1.1 Estimates for Generalized Adjacency Matrices

Given a random graph drawn from \(\mathcal {G}(n,p),\) let \(A \in M_{nd \times nd}(\mathbb {R})\) denote an \(nd \times nd\) generalized adjacency matrix using any symmetric matrix \(M \in \mathbb {M}_{d \times d}(\mathbb {R})\) as a sub-block. In other words, if \(E\) denotes the adjacency matrix of the graph then we have

$$\begin{aligned} A = E \otimes M \end{aligned}$$

for \(\otimes \) denoting the Kronecker product.
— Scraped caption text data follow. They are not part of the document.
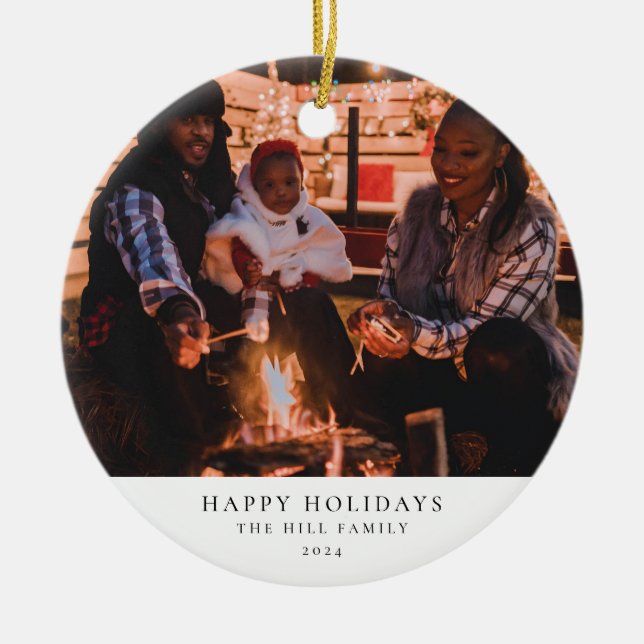 Ornamento De Cerâmica Natal da família simples e elegante (Frente)
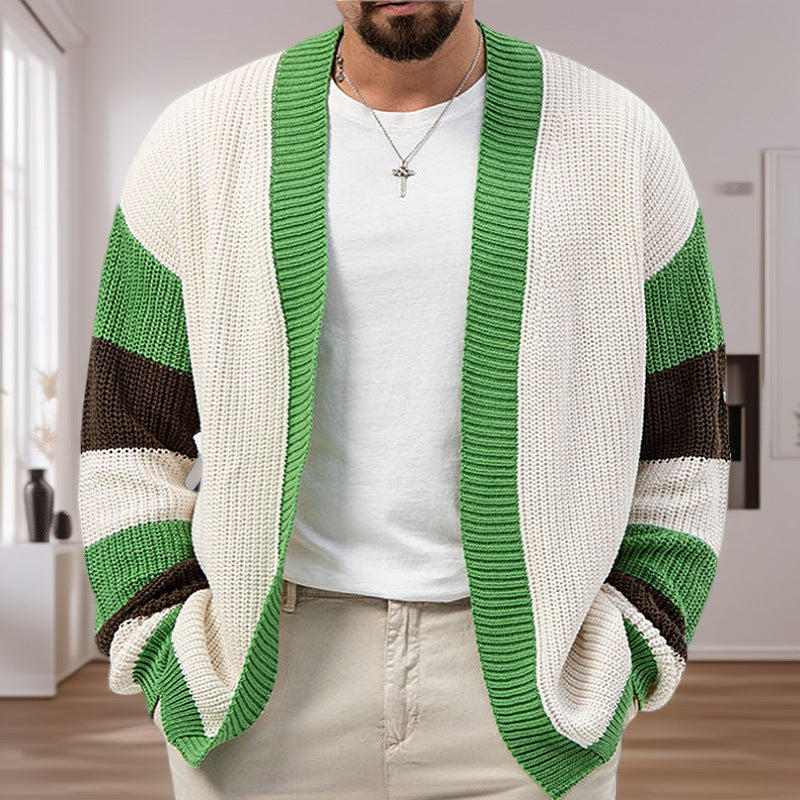 Herren Offene Strickjacke mit breiten Streifen und lässigem Schnitt Krohn-e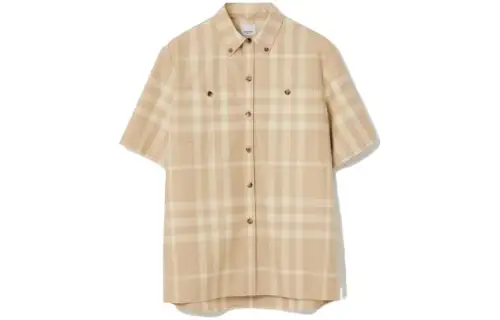 Burberry SS23 Check Stripe Single-Breasted Collar Short Sleeve Shirt Beige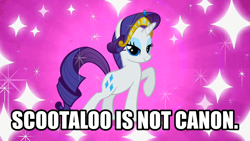 Size: 1280x720 | Tagged: safe, edit, edited screencap, imported from derpibooru, screencap, rarity, pony, unicorn, sweet and elite, (x) doubt, abstract background, background pony strikes again, downvote bait, female, implied scootaloo, jewelry, mare, op is a duck, op is objectively wrong, op is on drugs, op is trying to start shit, op is trying too hard, op is wrong, op is...well if im being honest they're just insane, op isn't even trying anymore, op needs help, solo, tiara, wrong, wrong as fuck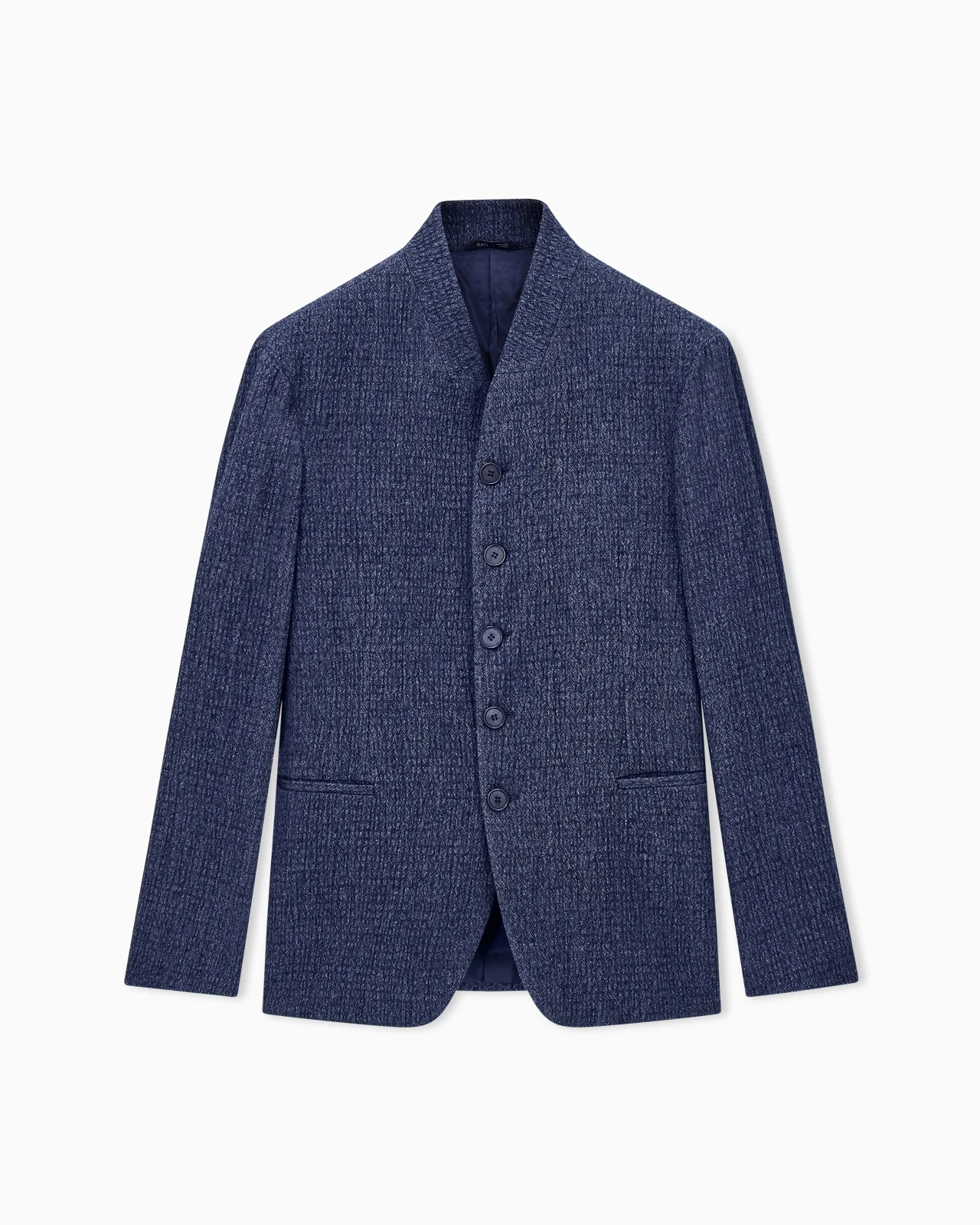BLAZER REGULAR FIT DENIM-EFFECT FROISSÉ WOOL SILK CASHMERE - 1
Let \(M_{jk} = M_{kj}, \; 1\le j \le n, \; j \le k \le n\) denote the i.i.d. matrix-valued random variables corresponding to the edges in the graph, so that \(\mathbb {E}(M_{jk}) = pM\). For a given a vector \(\mathbf {x}\in \mathbb {R}^{nd}\) consider the partition \(\mathbf {x}= (\mathbf {x}_{1},\ldots ,\mathbf {x}_{n})^{t}\) for \(\mathbf {x}_{i} \in \mathbb {R}^{d},\) and recall the “mean-zero” hypothesis

$$\begin{aligned} \sum ^{n}_{i=1} \mathbf {x}_i = \mathbf {0}. \end{aligned}$$

(48)

If we denote the corresponding subset of the unit ball \(\mathcal {S}^{nd} \subset \mathbb {R}^{nd}\) as

$$\begin{aligned} \mathcal {S}^{nd}_{0} := \left\{ \mathbf {x}: \; \sum _{i} \mathbf {x}_i = \mathbf {0}, \quad \sum _{i} ||\mathbf {x}_{i}||^{2}_{2} \le 1 \right\} , \end{aligned}$$

our aim lies in proving the following generalization of the theorem due to [19]:

Theorem 6.1

Let \(\alpha \) and \(c_{0}\) denote arbitrary positive constants. If \(np > c_{0} \log n\) then there exists a constant \(c = c(\alpha ,c_0,d,||M||_{2}) > 0\) so that the estimate

$$\begin{aligned} \max _{ (\mathbf {x},\mathbf {y}) \in \mathcal {S}^{nd}_{0} \times \mathcal {S}^{nd} } |\langle \mathbf {x}, A \mathbf {y}\rangle | \le c \sqrt{np} \end{aligned}$$

(49)

holds with probability at least \(1 - n^{-\alpha }\).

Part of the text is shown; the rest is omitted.